# Baseline for Multi-Facility Location Problem

This notebook demonstrates how to:
1. Load the provided `.pkl` files for train and test.
2. Implement a simple baseline approach to place multiple facilities.
3. Evaluate the average social cost.

We assume:
- We have `all_data_train.pkl` and `all_data_test.pkl` in a local `data/` folder.
- A minimal baseline that places facilities at certain quantiles of the agent peaks.


In [None]:
import os
import pickle
import numpy as np
import pandas as pd

# For simple numeric display
pd.set_option('display.precision', 6)

# Parameters:
DATA_TRAIN_PATH = 'data/all_data_train.pkl'
DATA_TEST_PATH = 'data/all_data_test.pkl'

# Number of facilities:
K = 2  # You can change this to 1, 3, etc.

###########################################################
# 1. LOAD DATA
###########################################################
with open(DATA_TRAIN_PATH, 'rb') as f:
    data_train = pickle.load(f)
with open(DATA_TEST_PATH, 'rb') as f:
    data_test = pickle.load(f)

print("Loaded train distributions:", list(data_train.keys()))
print("Loaded test distributions: ", list(data_test.keys()))

Each entry in `data_train` / `data_test` is keyed by `(distribution, n)` where:
- **distribution** ∈ \{`uniform`, `normal`, `beta1`, `beta2`\}
- **n** is the number of agents.

Each value is a dictionary containing:
- **`peaks`**: shape `(1000, n)` — 1000 samples, each row is the real peaks of n agents.
- **`misreports`**: shape `(10000, n)` — 10 misreports per sample (1000 * 10 = 10000).

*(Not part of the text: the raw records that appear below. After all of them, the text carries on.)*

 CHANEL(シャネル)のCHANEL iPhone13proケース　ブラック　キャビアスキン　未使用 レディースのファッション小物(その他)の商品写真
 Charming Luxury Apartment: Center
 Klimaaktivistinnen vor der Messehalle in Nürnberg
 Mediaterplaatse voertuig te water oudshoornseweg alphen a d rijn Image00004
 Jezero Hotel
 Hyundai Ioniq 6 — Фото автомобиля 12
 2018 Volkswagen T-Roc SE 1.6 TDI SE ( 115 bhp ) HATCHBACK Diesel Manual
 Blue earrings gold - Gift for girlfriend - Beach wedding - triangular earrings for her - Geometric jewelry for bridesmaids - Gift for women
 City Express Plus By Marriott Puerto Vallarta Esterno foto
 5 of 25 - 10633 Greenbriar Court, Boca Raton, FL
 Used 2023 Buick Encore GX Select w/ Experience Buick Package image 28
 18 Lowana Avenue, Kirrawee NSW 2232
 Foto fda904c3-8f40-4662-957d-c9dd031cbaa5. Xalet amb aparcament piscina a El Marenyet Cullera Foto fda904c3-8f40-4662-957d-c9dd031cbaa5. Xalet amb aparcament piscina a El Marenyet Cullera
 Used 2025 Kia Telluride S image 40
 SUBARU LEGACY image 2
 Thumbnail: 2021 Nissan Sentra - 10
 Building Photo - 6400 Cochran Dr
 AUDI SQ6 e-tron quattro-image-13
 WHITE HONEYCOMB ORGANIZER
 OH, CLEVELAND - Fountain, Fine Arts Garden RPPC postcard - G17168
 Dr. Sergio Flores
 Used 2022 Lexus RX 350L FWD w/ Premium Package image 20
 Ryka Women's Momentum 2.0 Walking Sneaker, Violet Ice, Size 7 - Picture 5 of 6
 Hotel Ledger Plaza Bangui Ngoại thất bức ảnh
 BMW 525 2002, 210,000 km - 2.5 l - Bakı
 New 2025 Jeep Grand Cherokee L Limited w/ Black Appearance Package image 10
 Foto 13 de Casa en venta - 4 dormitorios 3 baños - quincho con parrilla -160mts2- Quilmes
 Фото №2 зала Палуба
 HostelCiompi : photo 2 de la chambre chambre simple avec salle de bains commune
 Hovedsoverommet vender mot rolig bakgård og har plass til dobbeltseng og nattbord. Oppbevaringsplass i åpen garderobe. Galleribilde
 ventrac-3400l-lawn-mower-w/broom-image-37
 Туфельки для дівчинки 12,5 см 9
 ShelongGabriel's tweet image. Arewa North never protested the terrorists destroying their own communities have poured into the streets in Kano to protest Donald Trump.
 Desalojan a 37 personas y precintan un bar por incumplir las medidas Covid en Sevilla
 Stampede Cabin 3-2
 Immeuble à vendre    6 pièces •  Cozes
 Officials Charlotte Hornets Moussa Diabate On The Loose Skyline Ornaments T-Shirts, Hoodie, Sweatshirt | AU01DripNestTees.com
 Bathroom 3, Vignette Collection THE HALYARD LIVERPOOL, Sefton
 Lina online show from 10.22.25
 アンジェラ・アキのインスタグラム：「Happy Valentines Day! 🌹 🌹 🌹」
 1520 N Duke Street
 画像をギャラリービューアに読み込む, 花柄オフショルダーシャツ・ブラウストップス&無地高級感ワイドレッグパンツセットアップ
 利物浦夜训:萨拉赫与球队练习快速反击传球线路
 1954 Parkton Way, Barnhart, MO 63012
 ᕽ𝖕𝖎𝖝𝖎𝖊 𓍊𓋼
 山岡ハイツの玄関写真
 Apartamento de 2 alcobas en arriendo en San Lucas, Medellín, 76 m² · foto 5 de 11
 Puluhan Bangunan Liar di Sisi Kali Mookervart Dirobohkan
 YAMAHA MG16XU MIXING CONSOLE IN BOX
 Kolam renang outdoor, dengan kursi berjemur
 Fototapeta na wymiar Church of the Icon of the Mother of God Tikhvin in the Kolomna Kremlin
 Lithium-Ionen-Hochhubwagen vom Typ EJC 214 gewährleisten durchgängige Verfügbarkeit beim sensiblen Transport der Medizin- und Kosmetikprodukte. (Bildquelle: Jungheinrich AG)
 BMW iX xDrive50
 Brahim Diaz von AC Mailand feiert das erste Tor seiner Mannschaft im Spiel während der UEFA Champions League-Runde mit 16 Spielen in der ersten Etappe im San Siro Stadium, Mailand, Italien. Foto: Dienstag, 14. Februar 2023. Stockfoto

We won't use misreports here in this baseline, but it is available if you'd like to measure strategy-proofness.


## 2. Baseline Approach: Quantile Placement

We'll define a very simple function that:
1. Given an array of agent peaks (length `n`), sorts them.
2. Chooses `K` quantile positions.
3. Places each facility there.

> For example, if `K=2`, we might place them at the 1/3 and 2/3 quantiles of the agent peaks. That is arbitrary but easy to implement.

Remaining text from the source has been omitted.